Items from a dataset
----
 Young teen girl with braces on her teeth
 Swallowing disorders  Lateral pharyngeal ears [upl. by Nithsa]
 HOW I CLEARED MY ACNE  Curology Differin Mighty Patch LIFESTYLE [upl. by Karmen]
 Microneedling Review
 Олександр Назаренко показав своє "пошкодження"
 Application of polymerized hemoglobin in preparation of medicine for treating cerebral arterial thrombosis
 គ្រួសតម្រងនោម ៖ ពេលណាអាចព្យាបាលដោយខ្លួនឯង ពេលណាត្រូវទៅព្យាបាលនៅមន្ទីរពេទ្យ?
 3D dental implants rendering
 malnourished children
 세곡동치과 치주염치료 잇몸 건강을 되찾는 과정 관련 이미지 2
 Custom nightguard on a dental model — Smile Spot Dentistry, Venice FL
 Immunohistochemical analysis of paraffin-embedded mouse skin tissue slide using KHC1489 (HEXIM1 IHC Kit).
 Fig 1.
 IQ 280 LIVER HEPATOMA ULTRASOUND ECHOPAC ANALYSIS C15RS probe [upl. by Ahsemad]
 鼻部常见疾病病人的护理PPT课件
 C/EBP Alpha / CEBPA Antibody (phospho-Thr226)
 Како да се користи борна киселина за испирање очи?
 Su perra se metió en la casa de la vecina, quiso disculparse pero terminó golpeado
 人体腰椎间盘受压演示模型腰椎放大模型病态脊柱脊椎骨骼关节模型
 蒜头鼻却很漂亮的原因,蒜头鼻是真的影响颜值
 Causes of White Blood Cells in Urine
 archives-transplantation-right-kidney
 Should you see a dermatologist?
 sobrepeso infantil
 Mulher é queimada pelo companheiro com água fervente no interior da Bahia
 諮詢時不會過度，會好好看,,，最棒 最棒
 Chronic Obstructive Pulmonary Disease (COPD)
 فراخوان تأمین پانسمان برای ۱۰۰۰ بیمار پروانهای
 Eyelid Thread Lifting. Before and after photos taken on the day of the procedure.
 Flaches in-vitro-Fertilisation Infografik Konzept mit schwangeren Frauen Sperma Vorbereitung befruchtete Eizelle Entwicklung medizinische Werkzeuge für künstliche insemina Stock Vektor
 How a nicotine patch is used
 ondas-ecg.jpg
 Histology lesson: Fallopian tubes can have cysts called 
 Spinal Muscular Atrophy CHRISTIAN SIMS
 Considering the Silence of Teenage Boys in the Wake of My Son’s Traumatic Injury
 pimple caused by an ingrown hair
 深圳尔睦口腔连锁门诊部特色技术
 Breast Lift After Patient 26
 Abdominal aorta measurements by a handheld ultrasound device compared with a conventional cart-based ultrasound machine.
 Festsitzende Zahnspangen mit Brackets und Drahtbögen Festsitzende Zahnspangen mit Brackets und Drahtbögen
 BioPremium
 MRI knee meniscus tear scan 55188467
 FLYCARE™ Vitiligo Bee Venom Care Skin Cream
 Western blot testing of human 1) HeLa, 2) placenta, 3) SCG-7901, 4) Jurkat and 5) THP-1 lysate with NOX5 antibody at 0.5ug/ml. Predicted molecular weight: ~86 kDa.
----
What you are asked to do —
Once you have counted the lines of the data that contain the word "dental", please reply with that number alone.

Exercise answer —
2